TR: So how can batteries be improved?
YC: There really are two routes to as-high or higher energy systems that are safer and lower cost. One is better control of manufacturing quality. Based on what I’ve read in the press about these two recalls [Dell and Apple], it was a manufacturing problem that resulted in metal particles that created some internal short [circuit] problems. So that is quite simply a manufacturing issue.
The alternative approach is to try to make the chemistries intrinsically safe, or at least safer. People are working on this in many laboratories around the world.
Even [with] the current materials that have been used up until now, the general trend is toward alloys and modified compositions that are safer than what had been used in the past. And then there are the more radical changes in chemistry, such as the phosphate chemistry that you just wrote about [in “Safer Lithium-Ion Batteries”].
TR: But the phosphate-based batteries sacrifice energy storage. Are there materials that promise to both increase capacity and safety? Or are higher-capacity batteries inevitably more dangerous?
YC: It’s not inevitable. Having more electrical energy, you can always think of that as having more energy to dissipate. But the difference in safety of different systems is so chemistry specific, so element specific, that it’s possible to have a higher-energy-density system that is at the same time safer.
As an example, if you look on the negative electrode side, there are some tin- and silicon-based alloys that are being studied that will store more lithium per volume by a considerable margin, but do not appear to be any less safe.
TR: But for that to be of any use, you’ve also got to have the positive electrode with a higher capacity. On that side, are there examples of high-capacity, safe chemistries?
YC: I’m going to be a little cryptic and say that we believe there are. There are definitely materials systems that we are interested in on that side, that we believe can be both higher energy and safer.

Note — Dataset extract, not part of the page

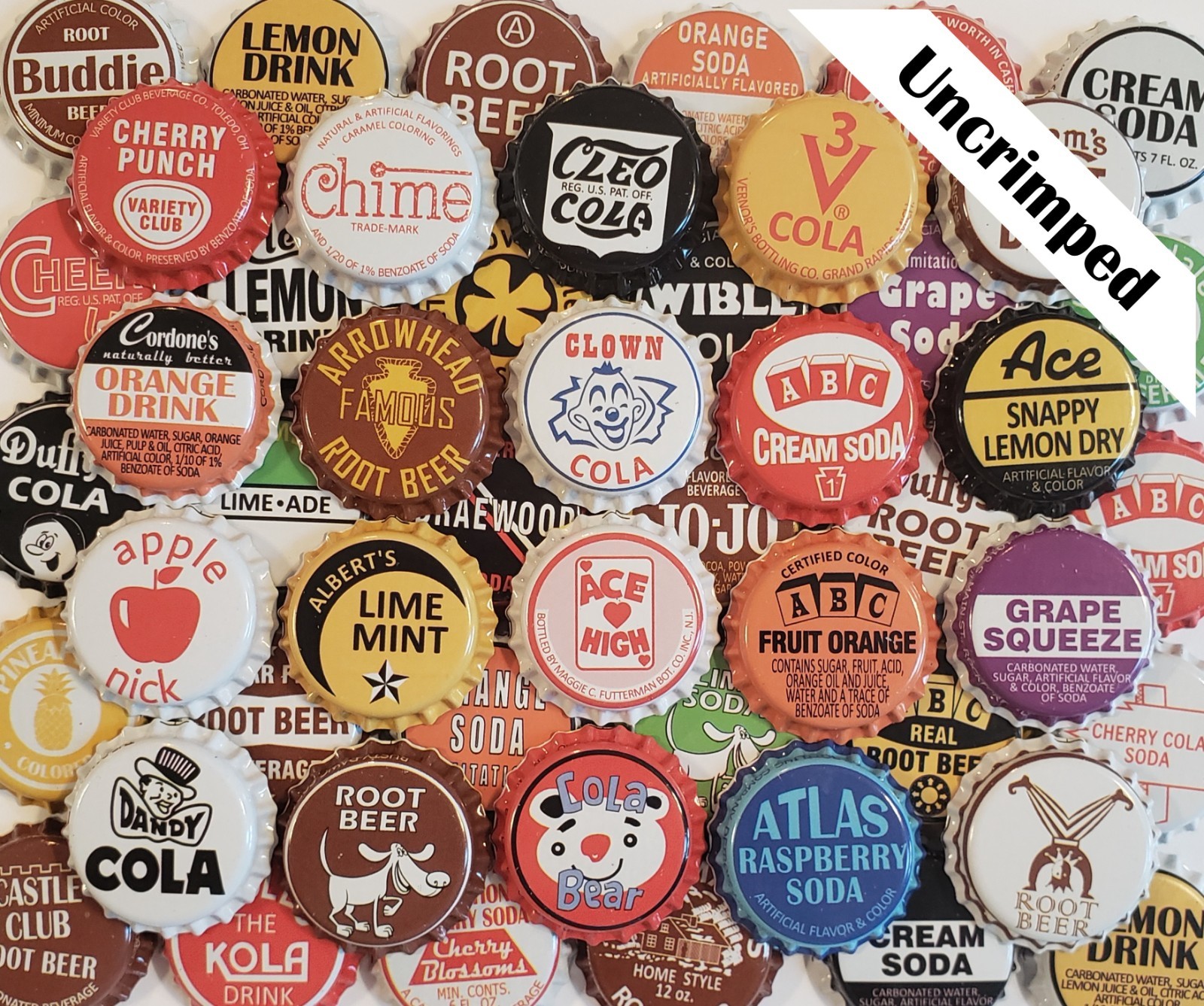 100 Vintage Soda Bottle Caps Pop (((NO REPEATS))) Unused, Zero Defects 100 Vintage Soda Bottle Caps Pop (((NO REPEATS))) Unused, Zero Defects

TR: How much better can batteries get?
YC: One thing we have to keep in mind is you can’t really conceive of anything like Moore’s Law for electrochemical energy storage. Moore’s Law was based on being able to perform similar functions [for computing] using either fewer electrons or, more recently, fewer photons. But energy is constrained by chemistry and the periodic table. Expecting Moore’s Law from battery chemistry is like expecting steel next year to weigh half as much and be twice as strong.
People who are working on better batteries are very optimistic. There’s definitely room for growth; there are many avenues for improvement. If you look at it realistically, I’d say a factor of two improvement in the next decade is quite realistic. A factor of 10 is not.
TR: As a materials scientist, what can you do to increase battery capacity?
YC: In the order of things you can do, you first have [to increase] the voltage. A higher voltage system will have higher energy, because the energy is the capacity of the battery times the voltage.
The second [option is to find] new host materials that can pack more ions into a given space or weight.
A third option is to increase the charge per ion that’s transported, which is a more difficult challenge. Basically, if you have the same storage capacity (the same number of ions being stored) and the same voltage, if you had a divalent cation such as magnesium, you would have twice the energy of the lithium counterpart. But the difficulty is that the materials that would make a magnesium-based battery work have not yet been developed. And physically there have been concerns, for example, over the rate at which you could move [the magnesium].
TR: There seem to be a lot of options. What has kept progress on batteries relatively slow?
YC: The key challenge is meeting all of the multiple demands. For instance, there are active materials that have been designed that have higher voltages. The difficulty then is that the rest of the system cannot keep up. In particular, electrolytes are not available that will function over the necessary periods of time at those high voltages. There are smart chemists who are working on designing electrolytes that will operate at these higher voltages, but we’re not there yet. That’s one of the limitations.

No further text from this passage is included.